Dana Moneter Internasional (International Monetary Fund/IMF) resmi menurunkan proyeksi pertumbuhan ekonomi global dan sejumlah negara Asia, termasuk Indonesia, untuk tahun 2026. Revisi ke bawah ini dipicu oleh lonjakan biaya energi serta meningkatnya risiko ketidakpastian akibat konflik yang berkecamuk di Timur Tengah.
Dalam laporan World Economic Outlook yang dirilis Rabu (15/4), IMF kini memperkirakan pertumbuhan global hanya akan mencapai 3,1 persen pada 2026. Angka ini menurun dibandingkan capaian 3,4 persen pada 2025 dan lebih rendah dari prediksi sebelumnya.
Dampak konflik Timur Tengah
Penasihat Ekonomi IMF, Pierre-Olivier Gourinchas, menyatakan bahwa momentum ekonomi yang tahun lalu didorong oleh sektor swasta dan kemajuan teknologi kini terganggu secara signifikan. Gangguan pada jalur pelayaran utama yang menghambat aliran minyak dan gas menjadi faktor utama.
"Perang telah menghentikan momentum tersebut," tegas Gourinchas pada Rabu.
Selain melambatnya pertumbuhan, inflasi global diproyeksikan merangkak naik ke angka 4,4 persen tahun ini. Hal ini mencerminkan tingginya biaya bahan bakar dan komoditas akibat disrupsi pasokan energi dunia.
Proyeksi ekonomi Indonesia dan Asia
Di kawasan Asia, dampak perlambatan ini dirasakan secara beragam namun mulai terlihat jelas:
Indonesia: Ekonomi Indonesia diprediksi melambat ke angka 5 persen pada 2026, turun tipis dari 5,1 persen di tahun 2025. Namun, IMF optimistis ekonomi terbesar di Asia Tenggara ini akan kembali pulih ke level 5,1 persen pada 2027 dan stabil di angka 5,2 persen hingga 2031.
China: Pertumbuhan diproyeksikan sebesar 4,4 persen, sedikit di bawah estimasi awal.
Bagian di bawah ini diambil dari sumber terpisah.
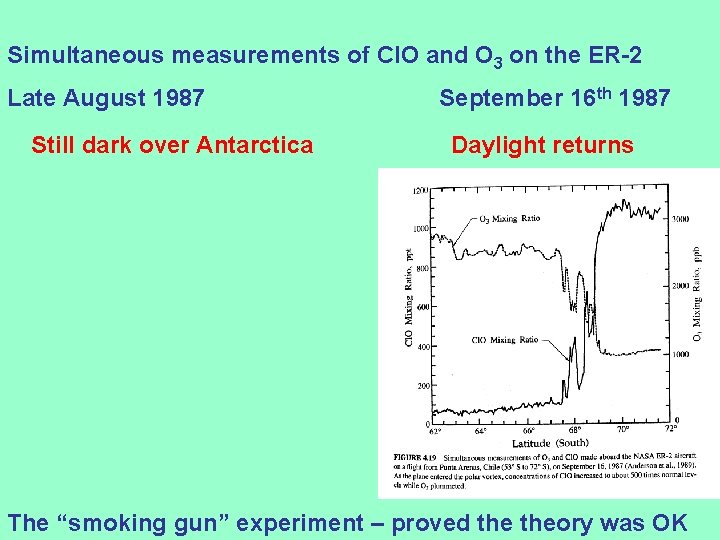 Simultaneous measurements of Cl. O and O 3 on the ER-2 Late August 1987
Lemahnya konsumsi domestik di Beijing menjadi tantangan utama di tengah kuatnya kinerja ekspor mereka.
Tantangan ruang fiskal dan subsidi
IMF memperingatkan negara-negara berkembang, termasuk Indonesia, mengenai semakin sempitnya ruang fiskal akibat utang publik yang meningkat. Gourinchas mengkritik kebijakan intervensi harga atau subsidi luas yang dinilai mendistorsi pasar dan sangat mahal bagi anggaran negara.
"Banyak negara tidak lagi memiliki kemewahan untuk menerapkan subsidi luas. Fokus seharusnya beralih pada dukungan yang lebih tepat sasaran dan bersifat sementara untuk melindungi kelompok rentan," jelasnya.
Sebagai negara pengimpor energi, Indonesia rentan terhadap tekanan nilai tukar Rupiah dan inflasi jika harga minyak dunia terus melonjak. Selain itu, volatilitas pasar global juga meningkatkan risiko arus modal keluar (capital outflow) yang dapat mengganggu stabilitas keuangan domestik.
Langkah kebijakan yang cermat dan efisiensi anggaran akan menjadi kunci bagi pemerintah Indonesia dalam menavigasi perlambatan global ini agar target pertumbuhan jangka panjang tetap terjaga.